→ RECORDS FOR THE EXERCISE:
----------

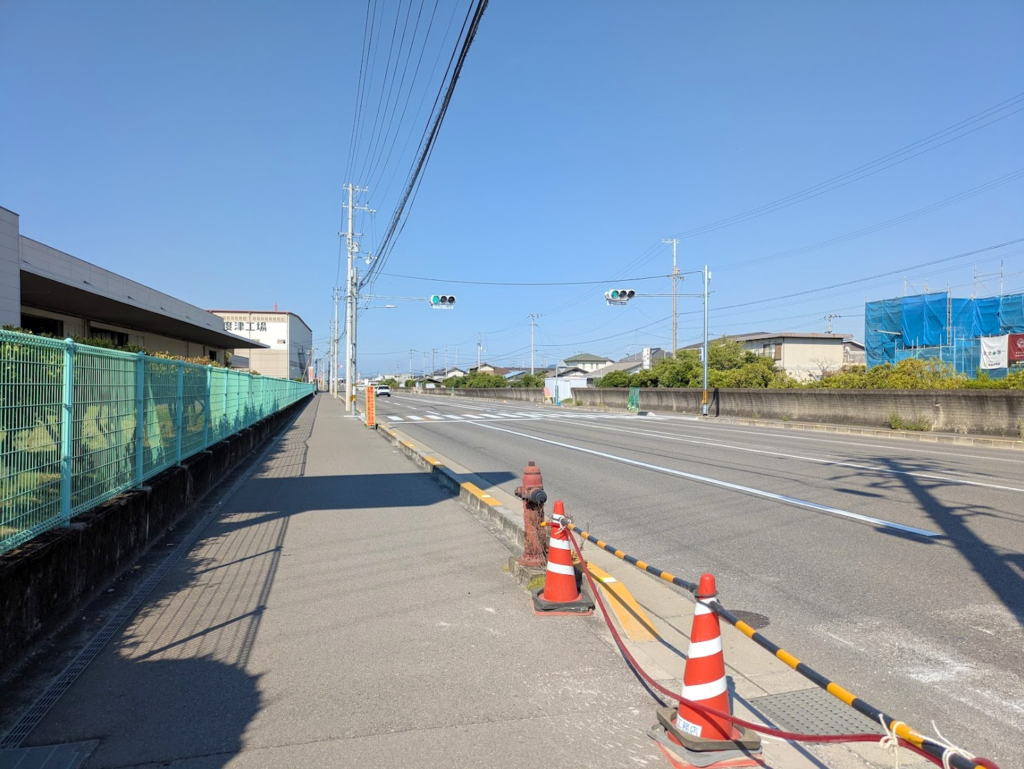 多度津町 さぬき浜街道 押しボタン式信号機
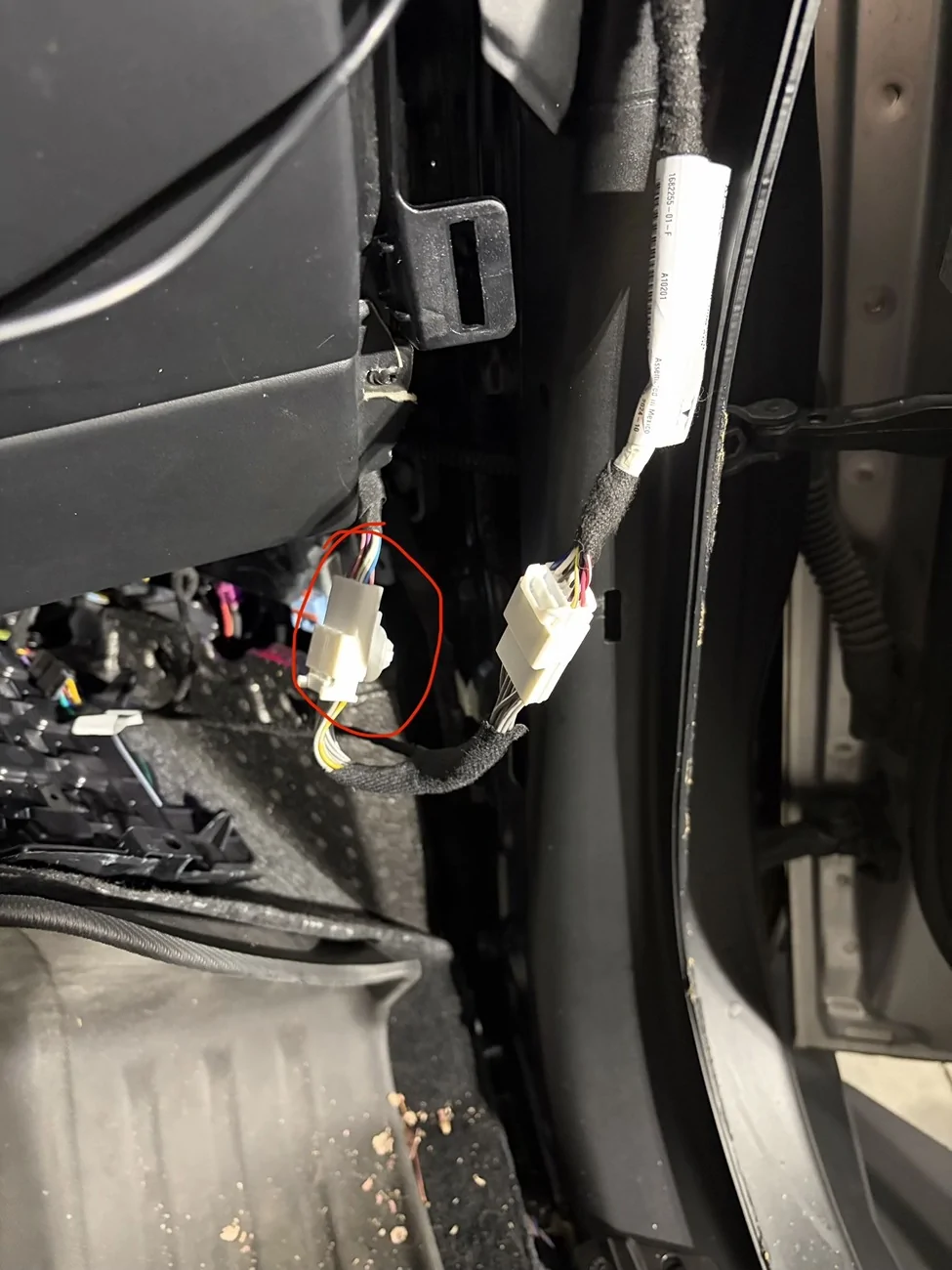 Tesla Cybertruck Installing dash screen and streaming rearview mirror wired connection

----------

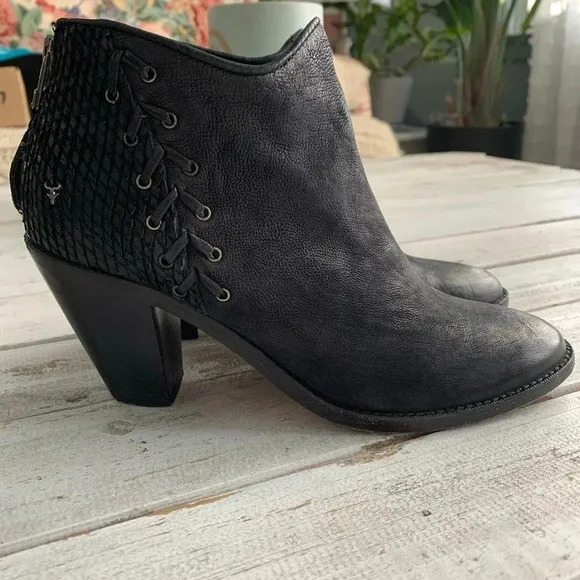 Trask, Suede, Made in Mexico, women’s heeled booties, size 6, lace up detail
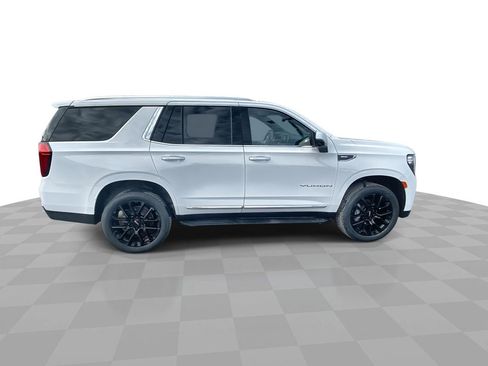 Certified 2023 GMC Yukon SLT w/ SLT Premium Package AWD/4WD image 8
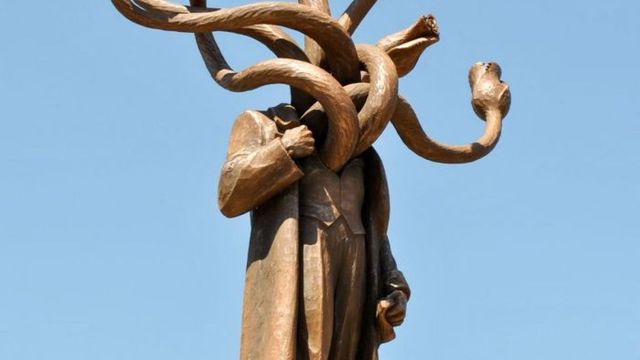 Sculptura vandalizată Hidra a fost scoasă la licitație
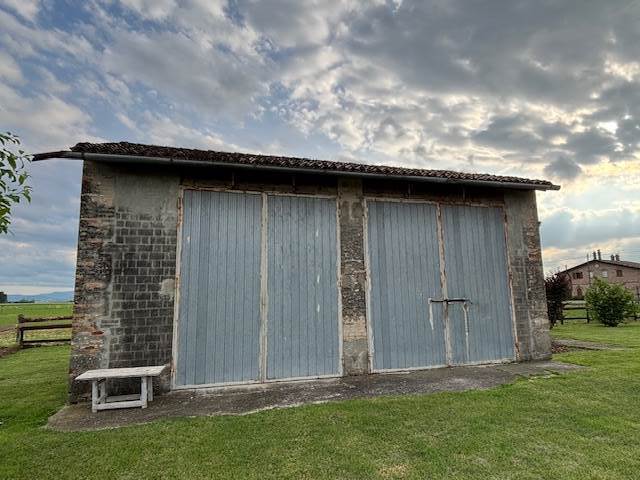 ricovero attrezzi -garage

----------

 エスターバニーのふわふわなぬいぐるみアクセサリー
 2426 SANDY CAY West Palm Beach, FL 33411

----------

→ INSTRUCTIONS FOR THE TASK: Go to the line with "エスターバニーのふわふわなぬいぐるみアクセサリー" in the entries above and repeat every line from there through the line with "2426 SANDY CAY West Palm Beach, FL 33411", exactly and with no other text.

→ RESPONSE TO THIS EXERCISE:
 エスターバニーのふわふわなぬいぐるみアクセサリー
 2426 SANDY CAY West Palm Beach, FL 33411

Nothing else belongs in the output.